Being an ECM fan, I was surprised to realize a few weeks ago that I’ve never really listened to Garbarek. He, along with Keith Jarrett, is the label’s big draw. I have quite a bit by his associates (Jarrett, Katché, etc.), but nowhere is his horn to be found. So, upon finding his recent live double-disc release, Dresden (2009), at the store, I decided to give it a try. The personnel is as follows:
Jan Garbarek – soprano and tenor saxophones, selje flute
Rainer Brüninghaus – piano, keyboards
Yuri Daniel – bass
Manu Katché – drums
I will say that, on the surface, I have a few gripes with this record.
1. First, Garbarek’s soprano tone is largely shrill/nasally – sort of a Michael Brecker-Lenny Pickett-Renaissance shawm hybrid. Not always, but much of the time. One factor is his preference for the small curved soprano, something I’ve never warmed to. Overall his tenor tone is very nice (for me – some may consider it too “harsh” or “pop”), but sometimes the upper register gets some of those soprano-esque qualities.
2. The mix. ECM records usually have a dynamite mix, and there’s almost always a definite “ensemble sound.” For this record, however, Garbarek often shouts above the rest of the group. Very top-heavy.
3. Fretless bass – Daniel plays this throughout. The fretless definitely has its place, but I think this contributes some to the record’s mix issues. There’s just a lack of a good sonic foundation for a good portion of it. Nowhere near enough low end for my taste.
The above comments, however, aren’t necessarily musical. They’re definitely musical factors, but they’re more technical than anything. Sure, they affected my inaugural listen, but once I got past them and listened to the music, I found the album quite enjoyable. The first disc is much more “world music”-heavy. (I hate using that term, but there are a lot of vamps and folk melodies/rhythms featured; more so than the second disc.) Even with some of the tunes having quicker tempos, the overall feel of the first disc is pretty moderate, at times slow. However, after the first cadenza – each of the sidemen get a few minutes to shine as a soloist – by bassist Yuri Daniel (which is very good – sort of Wooten-esque but without the fireworks), the disc finally kicks into high gear with the Metheny-esque final track, “Milagre Dos Peixes.”
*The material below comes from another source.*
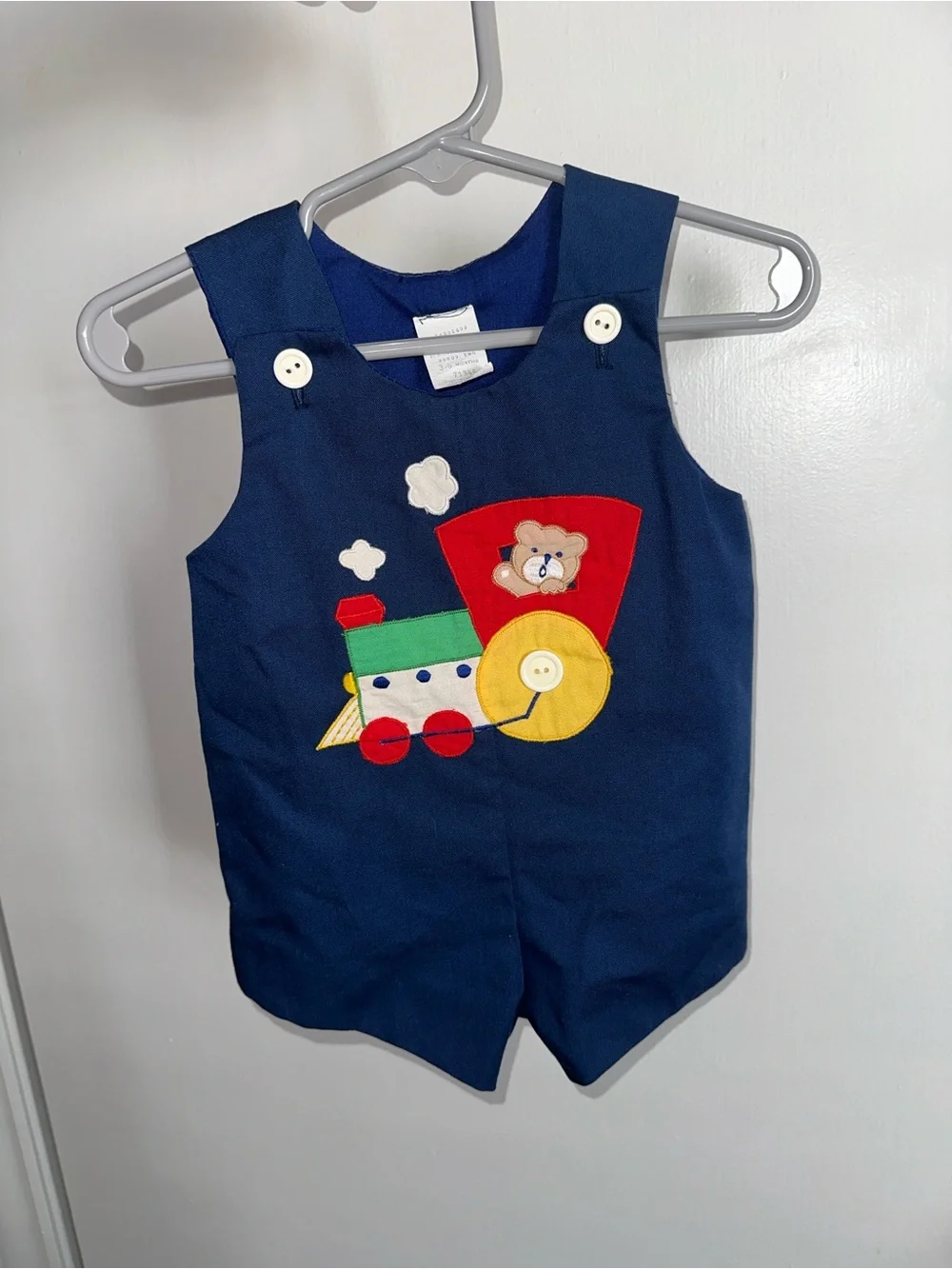 Vintage 90s Baby Togs Train Teddy Bear Romper Overalls Navy Blue Boy 3-6 Months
The second disc is more “straight ahead” than the first. (“Straight ahead” is definitely not the correct term, but there’s more consistent rhythmic interest throughout – definitely no rhythm changes on either of these discs.) It also features piano and drum cadenzas. (Brüninghaus nearly steals the show on “Transformations,” and Katché offers an energetic transition between the band’s final two pieces of the set before the encore.) The first 1.7 discs of build to the set’s barn-burner finalé, “Nu Bein’.” Garbarek opens with a virtuosic selje flute solo before switching back to saxophone for the melody, and each member gets at least a few seconds to shine here. The second disc ends with the show’s encore, “Voy Cantando.” It’s a piece more akin to the first disc (moderately paced, free-flowing), but with the energy of the second.
(As a side note, Katché’s playing on this album is a stark contrast with that of Third Round. He’s quite intense and aggressive here, and it’s great to hear him excel at both styles.)
After giving this album a few solid listens, I can safely say I’m glad I made the purchase. However I’ll likely be giving the second disc a bit more attention in the long run. Having not previously experienced Garbarek, I feel like there’s a nice bit of variety in this release, covering the gamut of his output.